John took a long breath and considered. Finally he said, “If you, pardon the cliché, put your nose to the grindstone, and do very good work for the rest of your life, and keep your head down, those people aren’t going to hate you any less sixty years from now than they do today.”

“Oh.”

“So I suggest you give up trying, worrying about it.”

“Or,” Kate said, “find some way to make them think differently about you. The people you’re worried about are going to hate you until they can’t hate you anymore. So what’s going to change their minds?”

“I don’t know.”

“We don’t either, Paul,” she said. “But let me ask you something. All the way on the trip back, you’ve been feeling the guilt of what happened. I’m curious as to whether it’s what you would have felt if it had happened just after you were rescued. Or just before Skynet caught you.”

He thought about that. What would he have felt before?

The answer came to him without trouble. Sorry for himself. He would have felt sorry for himself.

And he didn’t. Now he was just worried about …

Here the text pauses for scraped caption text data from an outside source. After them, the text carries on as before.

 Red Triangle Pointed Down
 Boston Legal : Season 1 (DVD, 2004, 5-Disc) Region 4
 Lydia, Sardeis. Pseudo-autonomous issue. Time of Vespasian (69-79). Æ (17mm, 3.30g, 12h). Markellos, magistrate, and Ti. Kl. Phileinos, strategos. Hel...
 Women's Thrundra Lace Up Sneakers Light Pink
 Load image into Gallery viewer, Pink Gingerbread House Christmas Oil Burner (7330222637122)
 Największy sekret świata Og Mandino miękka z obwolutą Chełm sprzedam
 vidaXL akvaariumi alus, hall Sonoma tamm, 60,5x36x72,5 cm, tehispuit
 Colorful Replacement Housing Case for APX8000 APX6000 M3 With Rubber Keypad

… getting on with his life.

He was able to look her in the eye. “I suspect it would have been a lot worse. Thank you, ma’am.”

“You’re welcome.”

Paul threw them a civilian’s half-salute and left.

*   *   *

In the compound medical ward, Paul sat in a wooden chair beside the bed where J. L. lay. The teenager was restless in sleep, probably from the pain of numerous broken bones. His entire right shoulder and arm were encased in a plaster cast. A sheet covered his torso and legs, but Paul had been assured that there was only abrasion damage there—a nasty case of road rash.

He’d been asleep since Paul had arrived. Paul decided to take the medic at his word that J. L. might not awaken until morning. He rose and headed out into the hall, pulling the door shut behind him.

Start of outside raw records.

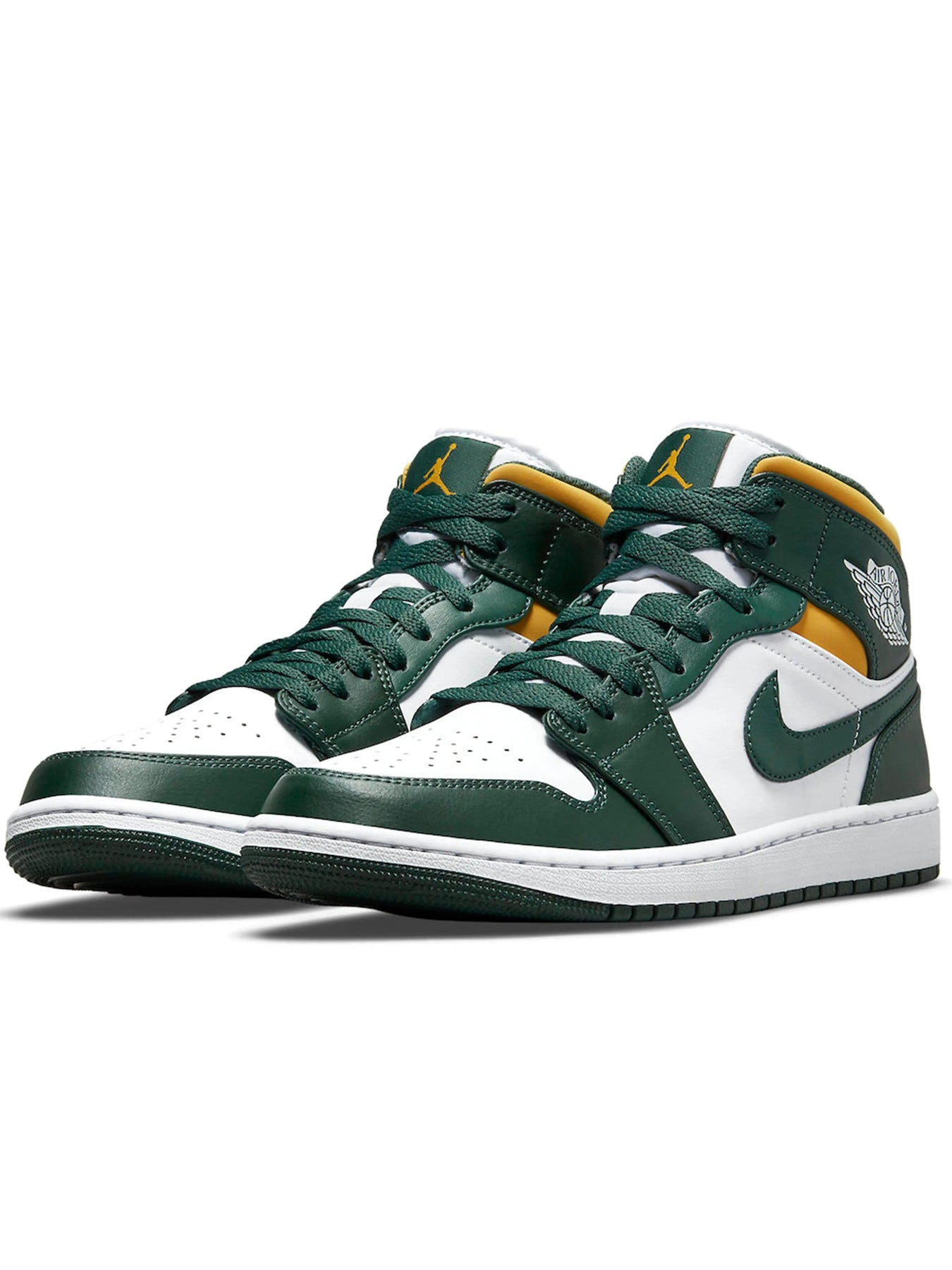 jordan 1 mid green and yellow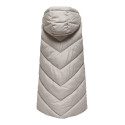 JDY Skylar Puffer Vest - Chateau Gray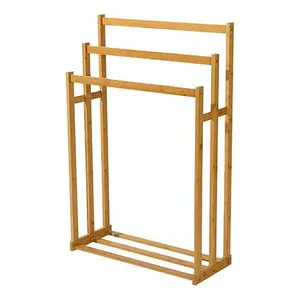 Improvements 36" Three-Tier Bamboo Drying Rack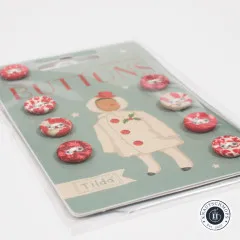 Tilda Knöpfe - Merry Little Christmas - 12mm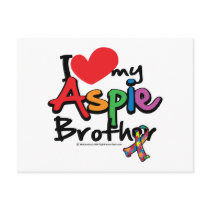 I Love My Aspie Brother Postcards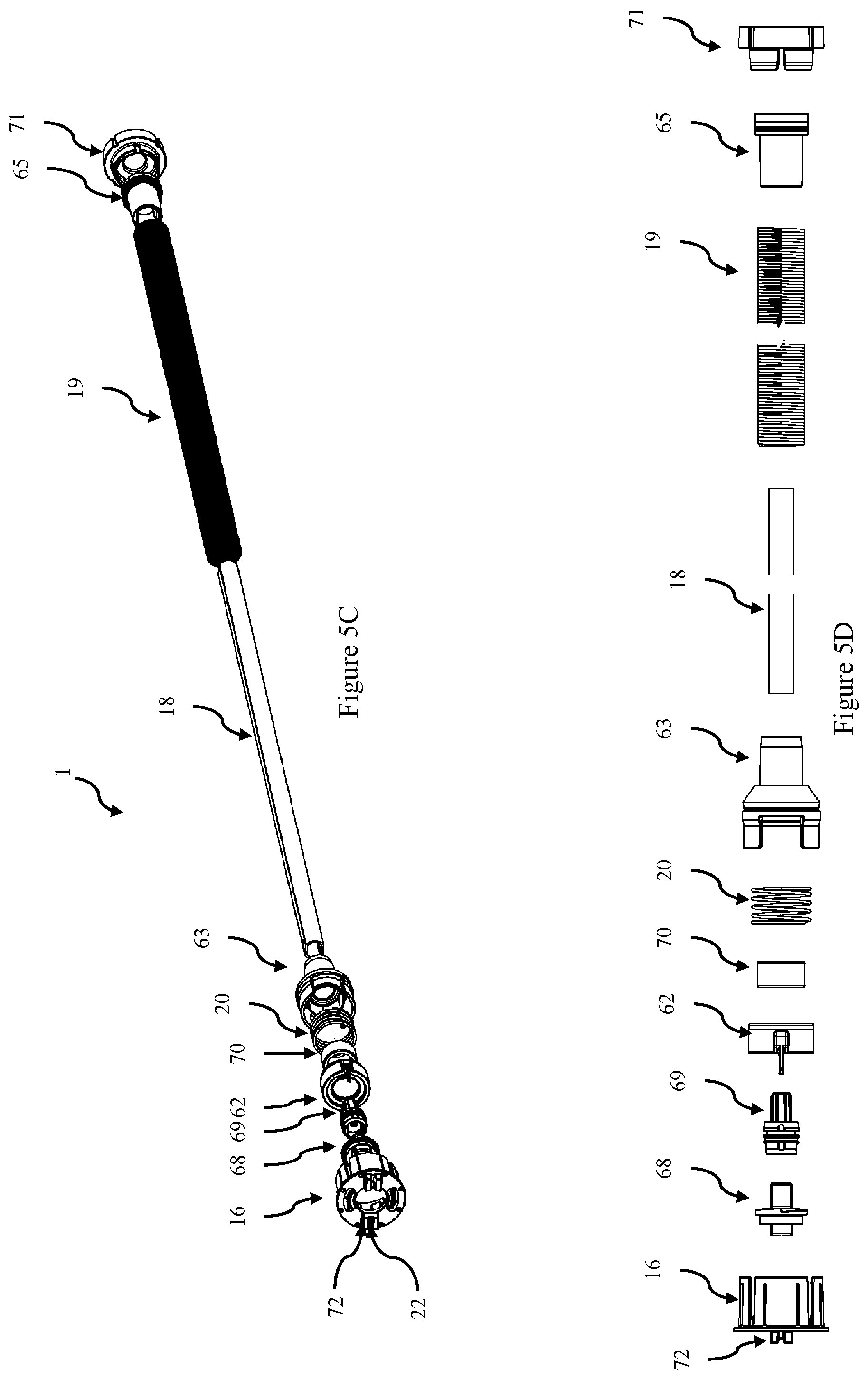 Patent US12378817 Figure 11 – Spring assist system
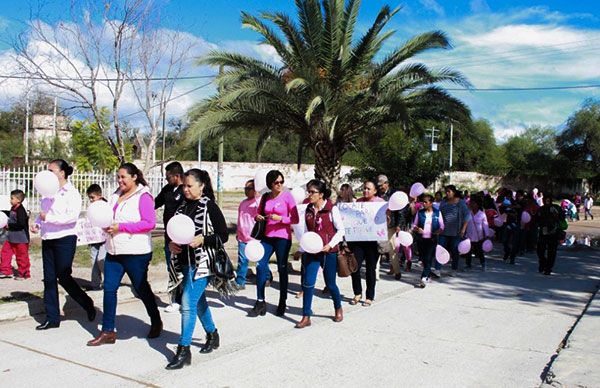 Ayuntamiento de Villa Hidalgo impulsa campaña contra el cáncer de mama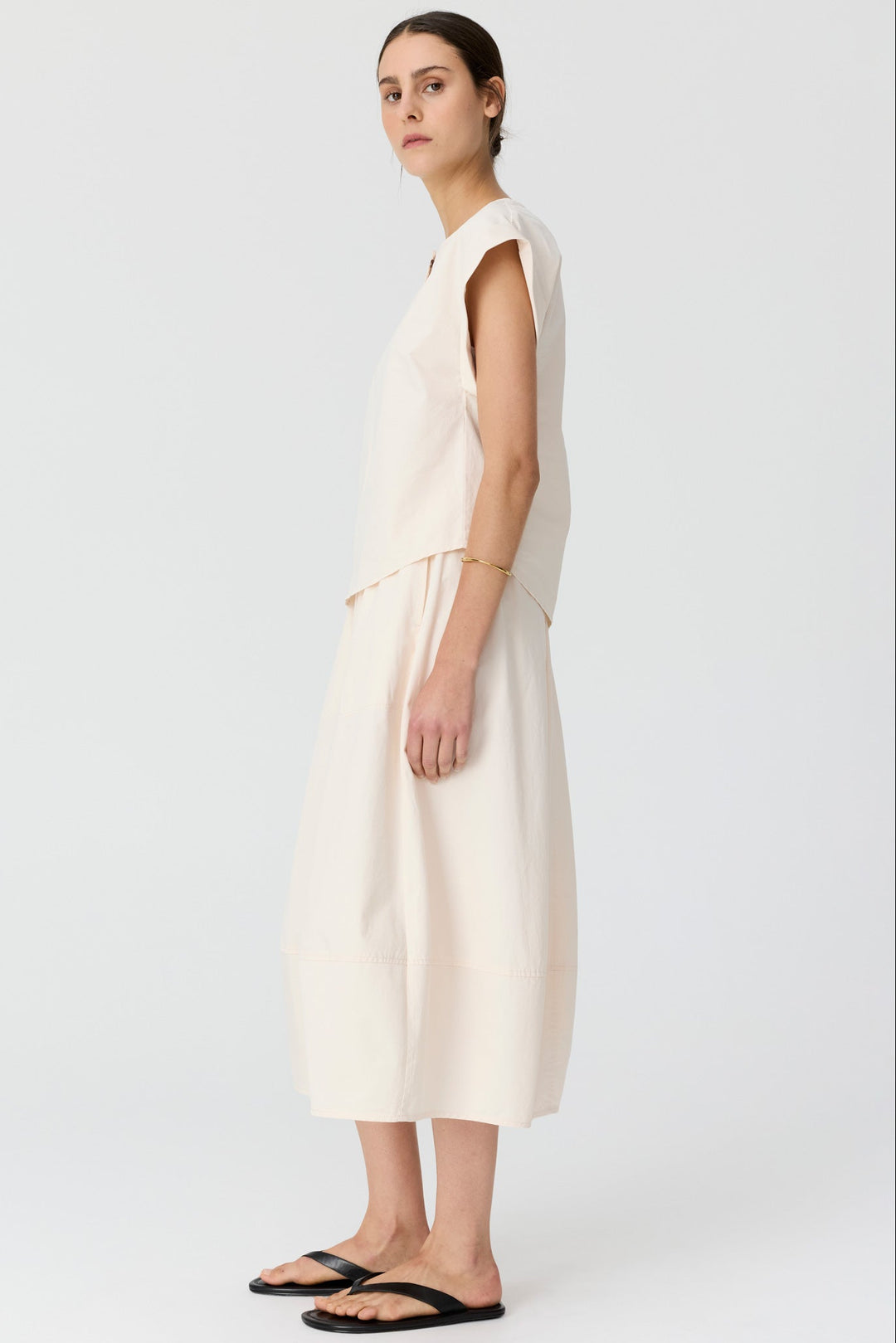 Alma Bubble Skirt - Pebble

Entering the brightly painted hallway from a far door were Jenna the Greek and Lieutenant Sato. Jenna’s face twisted into an expression of anger when she saw Paul. Paul sighed and readied himself.

She charged over and stood nose to nose with him. “I can’t believe you came here,” she said, her voice a hiss. A low-volume hiss, he noted. She might have been angry, but she wasn’t about to awaken her injured friend. “You goddamned disrespectful traitor. I ought to kill you right now. Isn’t it enough that you killed Smart and Nix? You have to come here and torment the one survivor?” Sato’s hand fell lightly on her shoulder, but she did not acknowledge it.

“I’m no more a traitor than the guy who fails to raise an alarm because a Terminator has just torn his heart out,” Paul said. “A machine used me before I figured out how to keep it from happening ever again. And because of it, two of your friends are dead and another one’s hurt. And I’m sorry. But I’m not going to choose not to pay my respects to J. L. because of it. And I’m not going to be exiled from the human race.”

“Yes, you are,” Jenna spat. “You deserve to be. You’re not human. You’re like Glitch. You’re like the T-X.”

“What I’m not is your whipping boy.” He pushed past her and left.

*   *   *

Jenna watched him go, and when Sato spun her around to face him there was still an ugly look of vengeance in her eyes.

“Give it up,” Sato said. “If the brass thought he was a traitor, they would have dealt with him on the trip back. It’s that thing in his head, the implant, and he says he’s on top of it now.”

“He’ll never be on top of it. Respectfully request permission to go and put a bullet into the implant.” There was no humor in her voice, on her face.

“Denied.”

“I’m going to ask again the next time he gets someone killed. Or maybe next time I won’t ask.”

He pointed past her, into J. L.’s room. “March.”

*   *   *

Paul woke up out of a dream. It was a nice dream. At least he thought so until he remembered who and where he was. He and Eliza lived on a farm with their three kids, and every year the wheat grew taller and better.

He sat up as memory returned. It’s a lie, an awful lie, he told himself. I’d never become a farmer. Then he laughed.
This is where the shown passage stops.